Records shown START
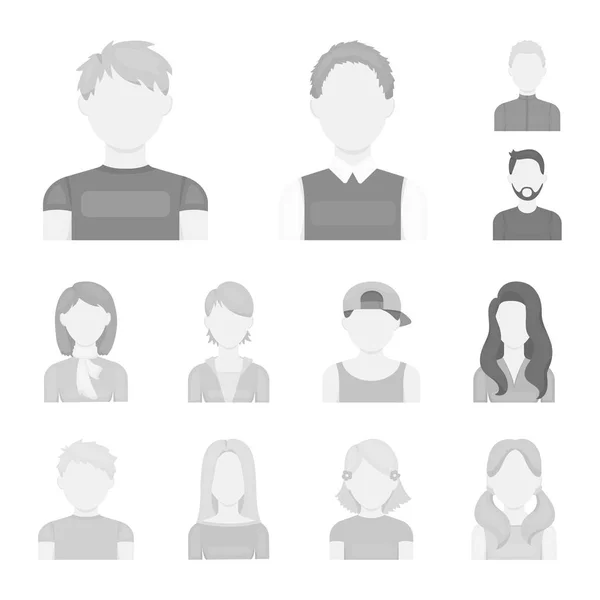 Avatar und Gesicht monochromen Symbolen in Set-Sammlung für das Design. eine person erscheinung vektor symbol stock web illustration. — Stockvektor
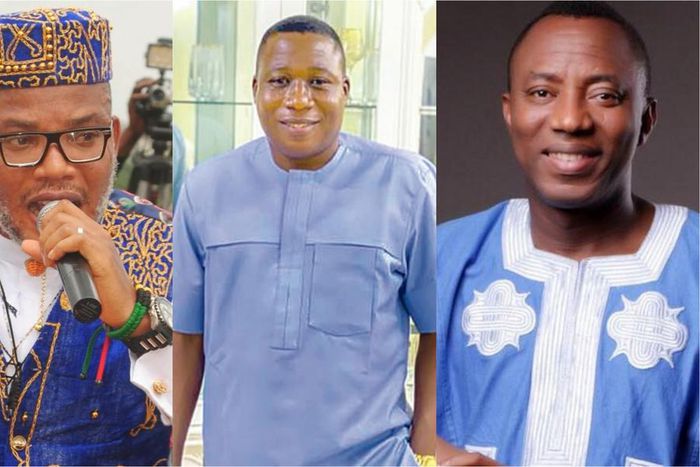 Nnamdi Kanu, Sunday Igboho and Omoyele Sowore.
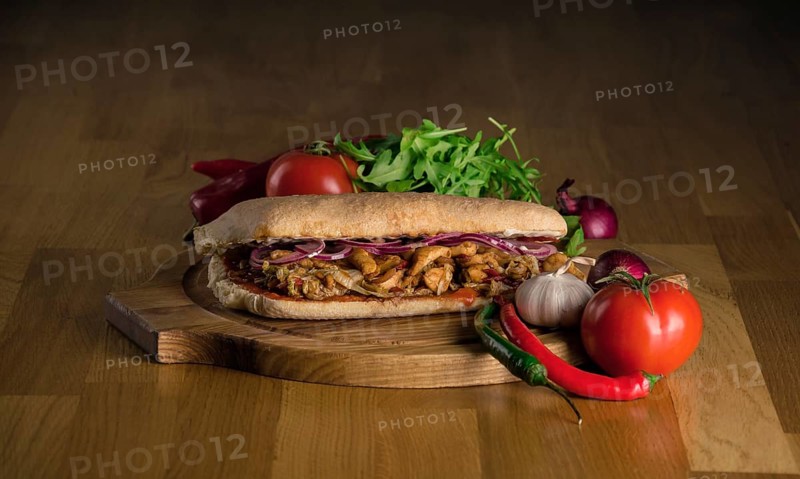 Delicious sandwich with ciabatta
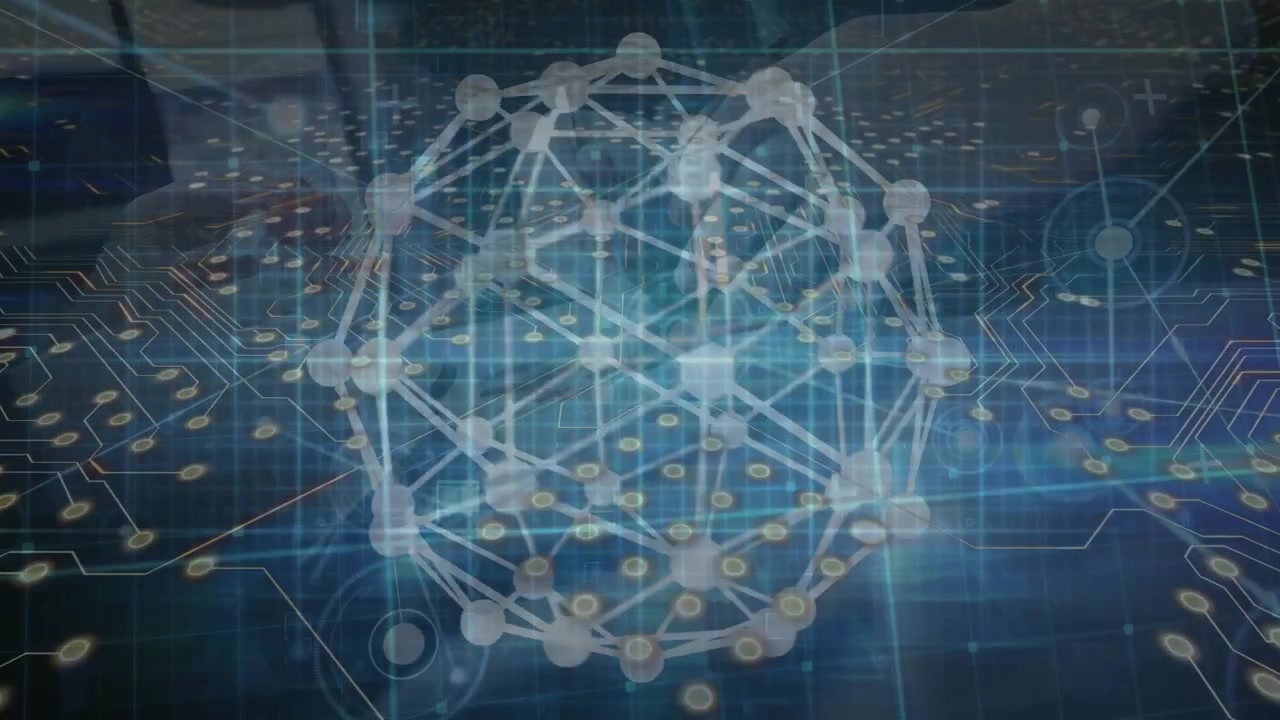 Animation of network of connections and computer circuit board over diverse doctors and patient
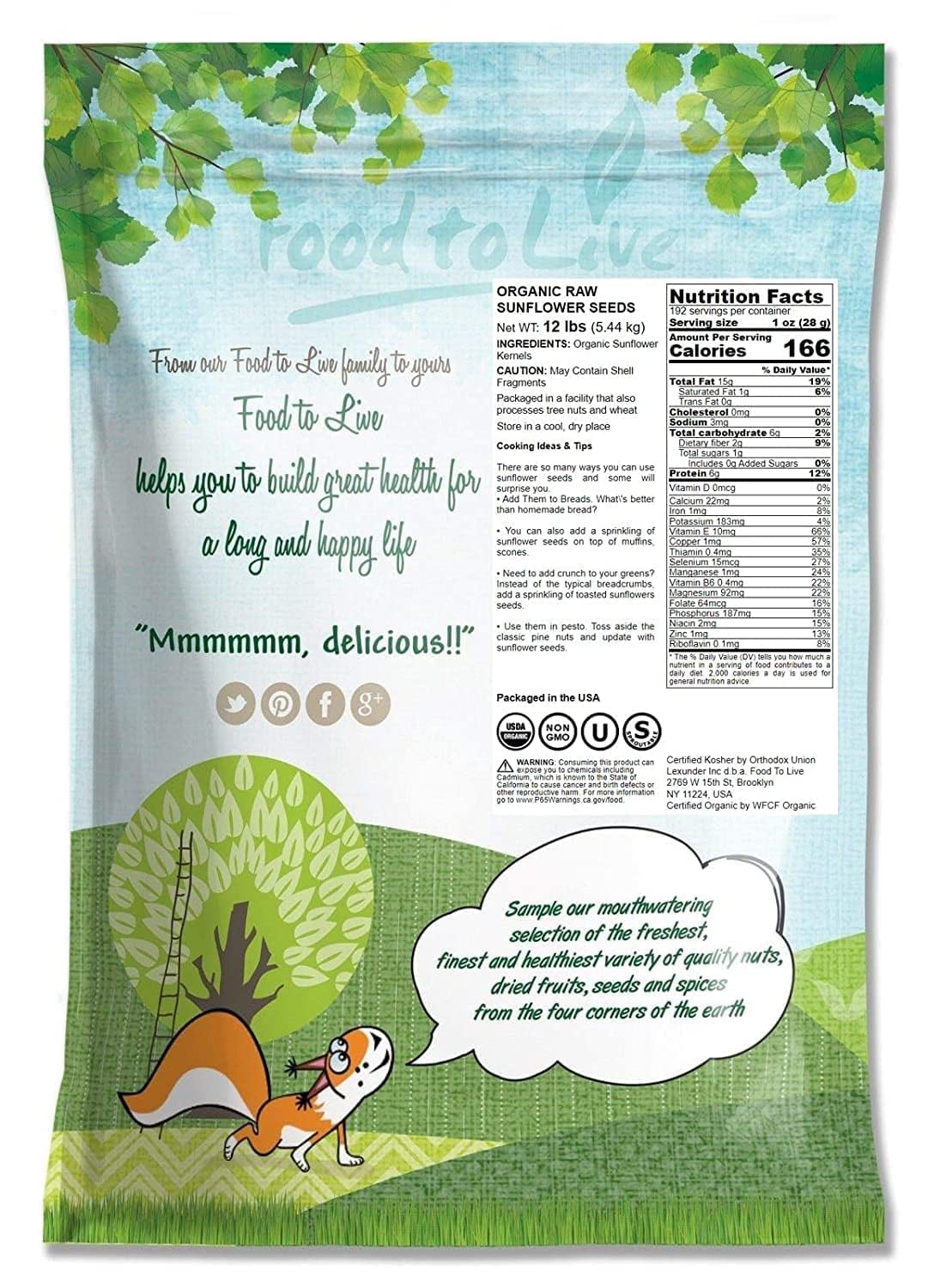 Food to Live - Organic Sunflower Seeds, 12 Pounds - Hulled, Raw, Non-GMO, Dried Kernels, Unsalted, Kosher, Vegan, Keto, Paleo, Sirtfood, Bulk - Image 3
Records shown END
**Work item**
For each record above, write it out exactly and omit any picture.

**Response area**
 Avatar und Gesicht monochromen Symbolen in Set-Sammlung für das Design. eine person erscheinung vektor symbol stock web illustration. — Stockvektor
 Nnamdi Kanu, Sunday Igboho and Omoyele Sowore.
 Delicious sandwich with ciabatta
 Animation of network of connections and computer circuit board over diverse doctors and patient
 Food to Live - Organic Sunflower Seeds, 12 Pounds - Hulled, Raw, Non-GMO, Dried Kernels, Unsalted, Kosher, Vegan, Keto, Paleo, Sirtfood, Bulk - Image 3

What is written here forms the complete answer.